> What needs to be done
Work out how many lines of the material contain the string "Shirt"; the answer is that number only.

> Data provided
◆ ◆ ◆ ◆ ◆

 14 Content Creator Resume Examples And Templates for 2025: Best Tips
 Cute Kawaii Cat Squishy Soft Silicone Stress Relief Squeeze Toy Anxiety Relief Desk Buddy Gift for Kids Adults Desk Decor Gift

◆ ◆ ◆ ◆ ◆

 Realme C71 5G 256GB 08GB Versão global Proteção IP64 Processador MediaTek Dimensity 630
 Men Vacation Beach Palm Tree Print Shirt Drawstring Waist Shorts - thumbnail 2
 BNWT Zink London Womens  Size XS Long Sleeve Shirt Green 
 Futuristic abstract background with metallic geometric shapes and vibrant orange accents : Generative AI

◆ ◆ ◆ ◆ ◆

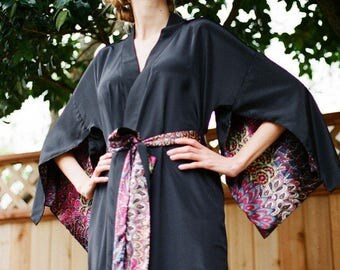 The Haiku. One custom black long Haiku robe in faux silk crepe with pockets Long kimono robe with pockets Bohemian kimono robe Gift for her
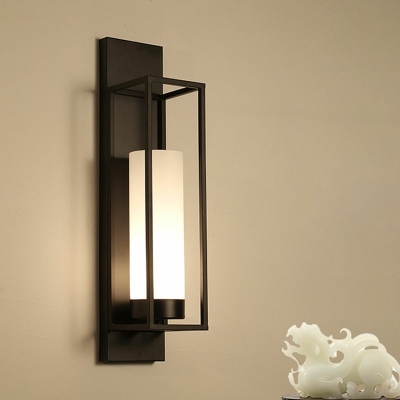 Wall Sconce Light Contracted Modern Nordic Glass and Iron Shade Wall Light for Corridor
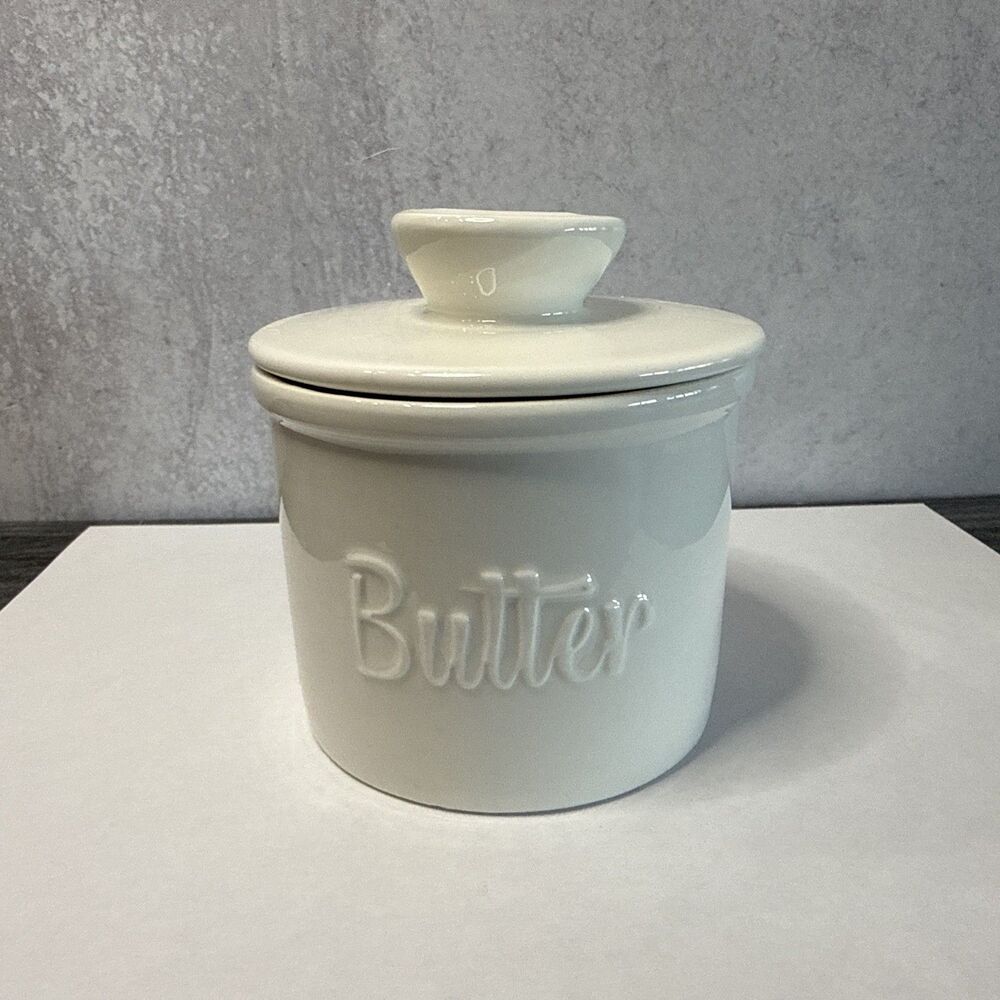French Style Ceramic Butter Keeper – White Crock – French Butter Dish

◆ ◆ ◆ ◆ ◆

> Solution for this problem
2